YOUR ASSIGNMENT → Scan the records for "from". Show the matching lines.

Items listed in a dataset →
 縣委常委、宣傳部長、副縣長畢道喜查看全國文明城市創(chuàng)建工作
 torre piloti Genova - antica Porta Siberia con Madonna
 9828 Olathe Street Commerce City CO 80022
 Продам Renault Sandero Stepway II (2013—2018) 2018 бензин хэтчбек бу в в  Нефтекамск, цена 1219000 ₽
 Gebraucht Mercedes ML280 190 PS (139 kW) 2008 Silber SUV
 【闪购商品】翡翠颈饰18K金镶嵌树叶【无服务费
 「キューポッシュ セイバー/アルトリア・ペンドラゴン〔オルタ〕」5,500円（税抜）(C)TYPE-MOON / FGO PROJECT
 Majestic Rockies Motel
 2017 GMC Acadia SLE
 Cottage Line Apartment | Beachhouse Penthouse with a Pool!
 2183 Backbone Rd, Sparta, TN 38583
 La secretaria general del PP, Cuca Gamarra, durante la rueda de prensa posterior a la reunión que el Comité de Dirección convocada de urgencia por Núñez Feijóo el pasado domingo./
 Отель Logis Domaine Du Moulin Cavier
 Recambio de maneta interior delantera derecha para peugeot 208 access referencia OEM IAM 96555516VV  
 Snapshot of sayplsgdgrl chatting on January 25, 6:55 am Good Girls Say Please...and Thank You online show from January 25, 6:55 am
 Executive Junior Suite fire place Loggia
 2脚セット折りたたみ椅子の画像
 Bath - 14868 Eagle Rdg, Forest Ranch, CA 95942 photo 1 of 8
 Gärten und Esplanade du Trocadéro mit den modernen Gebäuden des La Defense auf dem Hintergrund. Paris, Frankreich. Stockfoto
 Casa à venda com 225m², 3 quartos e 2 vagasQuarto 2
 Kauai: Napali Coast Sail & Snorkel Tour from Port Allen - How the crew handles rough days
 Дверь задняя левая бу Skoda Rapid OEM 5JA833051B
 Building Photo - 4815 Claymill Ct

RESULT OF THE TASK →
 Snapshot of sayplsgdgrl chatting on January 25, 6:55 am Good Girls Say Please...and Thank You online show from January 25, 6:55 am
 Kauai: Napali Coast Sail & Snorkel Tour from Port Allen - How the crew handles rough days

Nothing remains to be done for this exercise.